HOUSTON (CN) – The sun had finally broken in Houston after four days of deluge from Hurricane Harvey. Dana Cutts stood outside watching water that had flooded her front yard drain down her driveway.
“And we were saying we dodged a bullet and then all of a sudden the water started coming right back up again,” she said.
Her home is on Buffalo Bayou. Houston’s main waterway, its flow is controlled by outlets in two earthen dams 20 miles west of downtown. The U.S. Army Corps of Engineers built the dams in the 1940s.
Harvey’s biblical rainfall in August 2017 led the Corps of Engineers to do an “induced surcharge,” opening up the gates as far they could go and letting the water flow, something the agency had never done in the history of managing the Addicks and Barker Reservoirs.

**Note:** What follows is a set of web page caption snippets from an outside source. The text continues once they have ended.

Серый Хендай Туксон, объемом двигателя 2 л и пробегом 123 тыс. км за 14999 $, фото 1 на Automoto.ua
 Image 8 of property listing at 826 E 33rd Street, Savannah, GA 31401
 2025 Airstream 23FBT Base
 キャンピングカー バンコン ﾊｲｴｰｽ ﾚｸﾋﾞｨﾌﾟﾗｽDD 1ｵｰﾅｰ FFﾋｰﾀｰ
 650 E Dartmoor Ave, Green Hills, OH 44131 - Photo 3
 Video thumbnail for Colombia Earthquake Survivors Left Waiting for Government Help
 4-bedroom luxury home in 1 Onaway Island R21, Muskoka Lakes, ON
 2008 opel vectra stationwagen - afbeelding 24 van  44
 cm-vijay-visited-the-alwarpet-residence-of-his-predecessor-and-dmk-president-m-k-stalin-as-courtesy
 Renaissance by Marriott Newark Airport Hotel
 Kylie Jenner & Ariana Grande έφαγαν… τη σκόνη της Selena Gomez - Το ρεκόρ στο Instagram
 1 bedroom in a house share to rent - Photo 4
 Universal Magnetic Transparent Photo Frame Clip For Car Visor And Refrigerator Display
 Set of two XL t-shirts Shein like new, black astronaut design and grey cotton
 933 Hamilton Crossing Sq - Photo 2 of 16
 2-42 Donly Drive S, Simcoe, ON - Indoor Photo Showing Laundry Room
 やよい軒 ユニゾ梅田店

The agency was following a water control manual, a guide for operating the reservoirs it adopted in the 1960s, which called for the gates to be opened when reservoir pools reached a certain level.
The Corps increased the normal 2,000 cubic feet per second rate of release from the dams to 13,000, and Buffalo Bayou came calling in the home Cutts and her husband had owned since 1976 with no flooding.
“We did not flood until the whole storm was over. … We were out nine months. We only got 5 to 8 inches, but it was enough to wreck the whole house,” Cutts said at the Houston federal courthouse Wednesday.
Cutts’ home is one of 13 test properties selected as a sample in a class action out of more than 1,000 home and business owners who sued the federal government in the U.S. Court of Federal Claims.
They say Uncle Sam must compensate them for the up to 12 days the Corps stored water on their private property, displacing them before it drained off and they returned to muck out their flooded homes.
They are making their case under the Fifth Amendment’s Takings Clause, which lets the federal government take private property for public use if it provides “just compensation.”
Though there’s no doubt Harvey was a natural disaster, the plaintiffs’ attorney David Frederick argued at a hearing on cross claims for summary judgment Wednesday that the downstream release was a standard nonemergency procedure for the Corps, which even had models that told them down to the house, block and street who would flood when it released the water.
“So there can’t be any question as to intent and foreseeability,” he said, citing a factor needed to win a takings claim under U.S. Supreme Court precedent. He said if the Corps would have kept the gates closed, none of the downstream properties would have flooded.
But as Cutts said in an interview Wednesday, for the government it was “damned if you do, damned if you don’t.”
It is also facing similar claims from dozens of Houstonians who sued because the water pooled behind the dams and flooded their homes. They are waiting for a ruling from Federal Claims Judge Charles Lettow, who heard closing arguments in September.
Federal Claims Judge Loren Smith is presiding over the downstream case. Early in a three-hour hearing before 100 people packed in the gallery Wednesday, he seized on the government’s no-win situation.
“There’s an anomaly because if the government opens the gates it gets sued by the downstream people. If it doesn’t, it gets sued by the upstream. It’s odd whatever the government does is taking because it built a dam to control flooding,” he said.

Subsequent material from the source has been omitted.